Nel giorno della ricorrenza ho voluto scrivere come “nel mio piccolo, a modo mio, ho cercato di ricordare l’Abate Martino in questo anniversario: in modo “artigianale e spartano” (in tanti mi hanno scritto che proprio in questa artigianalità sta il “valore aggiunto” del libro) ho messo insieme dei miei vecchi scritti sull’abate Martino, pubblicati nel corso degli anni, ed ho dato vita ad una piccola antologia, con la speranza che chi leggerà questa mia “fatica”, perdonerà le tante imperfezioni, frutto dei tempi ristretti e dei pochissimi mezzi che ho avuto a disposizione per la stampa”.

Ora, a distanza di quasi 6 mesi, posso dire di avere distribuito oltre 450 copie della mia pubblicazione sull’abate Martino, con dei riscontri molto lusinghieri, soprattutto da chi non sapeva neanche l’esistenza del nostro Abate: volendo posso dare vita ad un’altra pubblicazione solo con i commenti, e ringraziamenti, ricevuti. Per tanti è stata una bellissima scoperta e ne sono rimasti affascinati. Una cara amica mi ha scritto un pensiero commovente: “Ti ringrazio per avermi fatto conoscere e amare Galatro, il suo ambiente, la sua storia, senza esserci mai stata”.

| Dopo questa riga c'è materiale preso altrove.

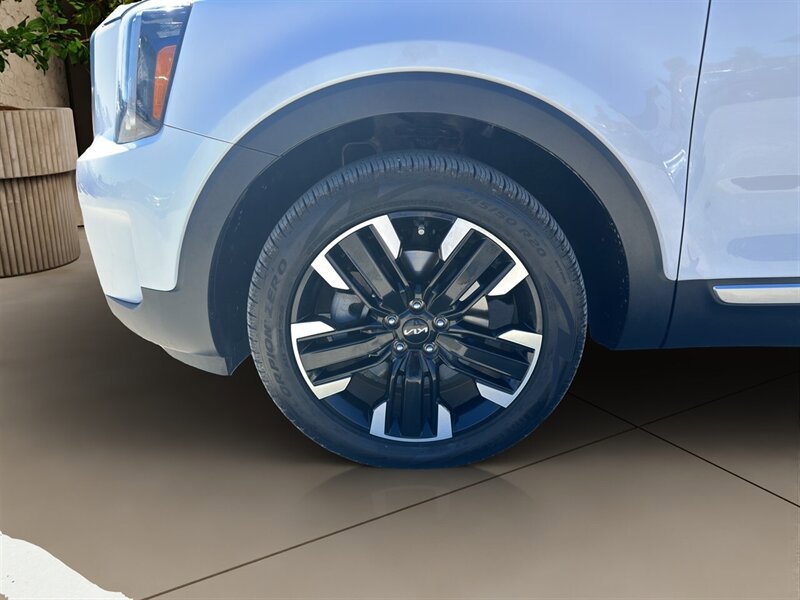 Used 2025 Kia Telluride SX w/ SX Captain's Chair Package FWD image 40
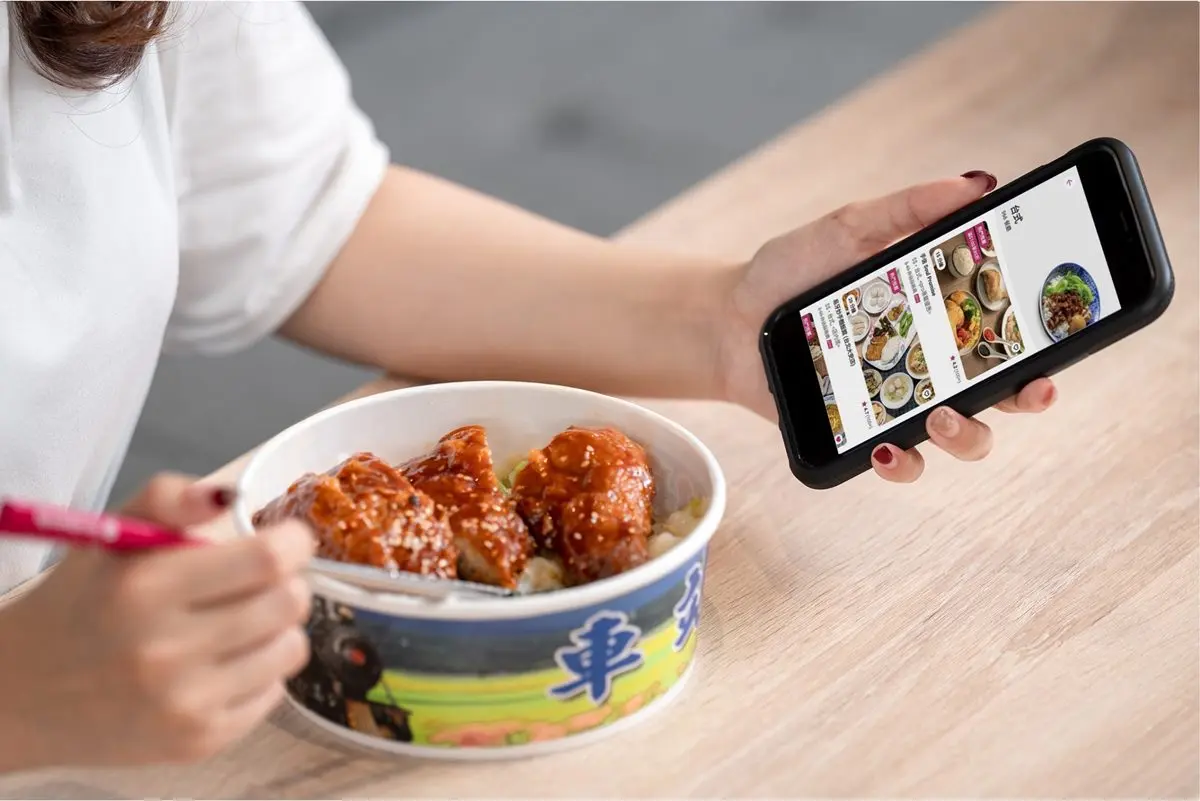 星巴克、麥當勞都有!foodpanda超狂10月優惠,還有12人同行內用都能折抵 星巴克、麥當勞都有!foodpanda超狂10月優惠,還有12人同行內用都能折抵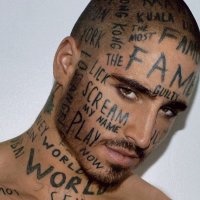 Красивый парень. Нафига так изуродовал себя?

Tra i tanti riscontri, un episodio mi piace raccontare: una sera in una pizzeria ho notato un giovane galatrese che mi osservava sbirciando il suo telefonino. Mi sono avvicinato e ho visto che aveva memorizzate le foto del mio scritto sull’abate Martino. Mi ha guardato e mi ha detto: “Ho visto questo libro, mi è piaciuto e ho fatto le foto con il telefonino e, piano piano, lo leggerò tutto”. Questo fatto mi ha, piacevolmente, commosso. La mattina dopo sono andato a casa sua e gli ho portato una copia del libro.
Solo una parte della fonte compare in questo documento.